III.1.1.2. Kawasan Penting di Luar SAP

  Kawasan penangkapan ikan yang merupakan kawasan penting bagi masyarakat nelayan setempat untuk desa-desa yang berada di luar kawasan SAP yakni di Kabupaten Lembata, Kecamatan Lebatukan, yang meliputi desa Dikesari, Tapolangu dan Lerahinga adalah Teluk Lewaling dan Teluk Waihinga, sementara untuk desa Banitobo adalah Teluk Waiteba. Untuk daratan pulau Flores tepatnya di Kabupaten Flores Timur, Kecamatan Demon Pagong yakni Desa Bama kawasan penangkapan ikannya adalah Selat Flores, Desa Lamika, Teluk Konga dan Desa Kawalelo adalah Tanjung Kawalelo.
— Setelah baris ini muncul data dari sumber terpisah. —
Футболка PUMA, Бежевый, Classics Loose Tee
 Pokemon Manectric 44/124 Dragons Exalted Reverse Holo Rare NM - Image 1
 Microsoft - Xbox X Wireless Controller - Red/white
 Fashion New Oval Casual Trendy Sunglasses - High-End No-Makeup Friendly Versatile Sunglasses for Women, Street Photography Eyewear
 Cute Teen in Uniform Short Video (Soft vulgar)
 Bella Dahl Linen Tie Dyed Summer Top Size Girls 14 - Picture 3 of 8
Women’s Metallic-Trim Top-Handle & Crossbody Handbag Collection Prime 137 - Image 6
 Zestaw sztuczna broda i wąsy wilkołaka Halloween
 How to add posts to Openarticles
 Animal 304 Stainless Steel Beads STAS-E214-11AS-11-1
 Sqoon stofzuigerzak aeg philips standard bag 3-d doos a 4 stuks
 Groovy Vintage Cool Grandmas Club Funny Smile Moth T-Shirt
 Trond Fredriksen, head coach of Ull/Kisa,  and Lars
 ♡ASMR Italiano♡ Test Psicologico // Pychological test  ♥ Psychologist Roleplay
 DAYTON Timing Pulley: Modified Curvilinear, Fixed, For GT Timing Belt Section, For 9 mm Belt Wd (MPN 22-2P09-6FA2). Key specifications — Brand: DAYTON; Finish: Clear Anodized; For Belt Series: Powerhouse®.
  Tabel 3 Lokasi Penangkapan Ikan, Jenis Perahu dan Nama Kawasan pada Survei di Luar Kawasan SAP

  No Nama Desa Daerah Tangkapan Jenis Perahu Nama Kawasan

  1 Dikesari (Comparison)-Pulau

  Di luar SAP Flores Timur Teluk Lewaling Body/sampan

  Lembata

  2 Tapolangu(Comparison)-Pulau

  Di luar SAP Flores Timur Lewaling Body/sampan

  Lembata

  3 Lerahinga (Comparison)-Pulau

  Di luar SAP Flores Timur Body/sampan

  Teluk Waihinga Lembata

  4 Banitobo (Comparison)-Pulau

  Di luar SAP Flores Timur Teluk Waiteba sampan

  Lembata

  

5 Bama (Comparison)-Pulau Flores Di luar SAP Flores Timur

  Selat Flores Body/sampan

  

6 Kawalelo (Comparison)-Pulau Flores Di luar SAP Flores Timur

  Tanjung Kawalelo Body/sampan

  

6 Lamika (Comparison)-Pulau Flores Body/sampan Di luar SAP Flores Timur

  Teluk Konga

  Sumber: Survei Sosial Ekonomi SAP Flotim, 2017

  Kawasan di luar SAP yakni di Kabupaten Lembata, Kecamatan Lebatukan yakni untuk kasus di desa Banitobo semenjak tahun 1979 pada saat terjadi gelombang tsunami besar sebagai akibat dari longsornya kawasan pengunungan disekitar pantai di Kecamatan Atadei yang memakan puluhan korban jiwa (Jeffery, 1981), masyarakat di desa tersebut tidak lagi mendiami daerah sekitar pantai di teluk Waiteba. Sebagian besar masyarakat direlokasi dari kawasan pantai di teluk Waiteba ke Desa Lerahinga, Tapolagu dan desa-desa sekitarnya. Sebagian lagi tetap menetap di Desa Banitobo tetapi di kawasan pegunungan. Dengan demikian pengawasan untuk kawasan pantai di area sekitar teluk Waiteba sangat terbatas. Bagi masyarakat yang pergi ke daerah pantai untuk menangkap ikan hanya mengandalkan alat pancing tradisional semata, dapat dikatakan tidak lagi ditemui perahu/sampan yang menjadi milik masyarakat desa Banitobo di sana.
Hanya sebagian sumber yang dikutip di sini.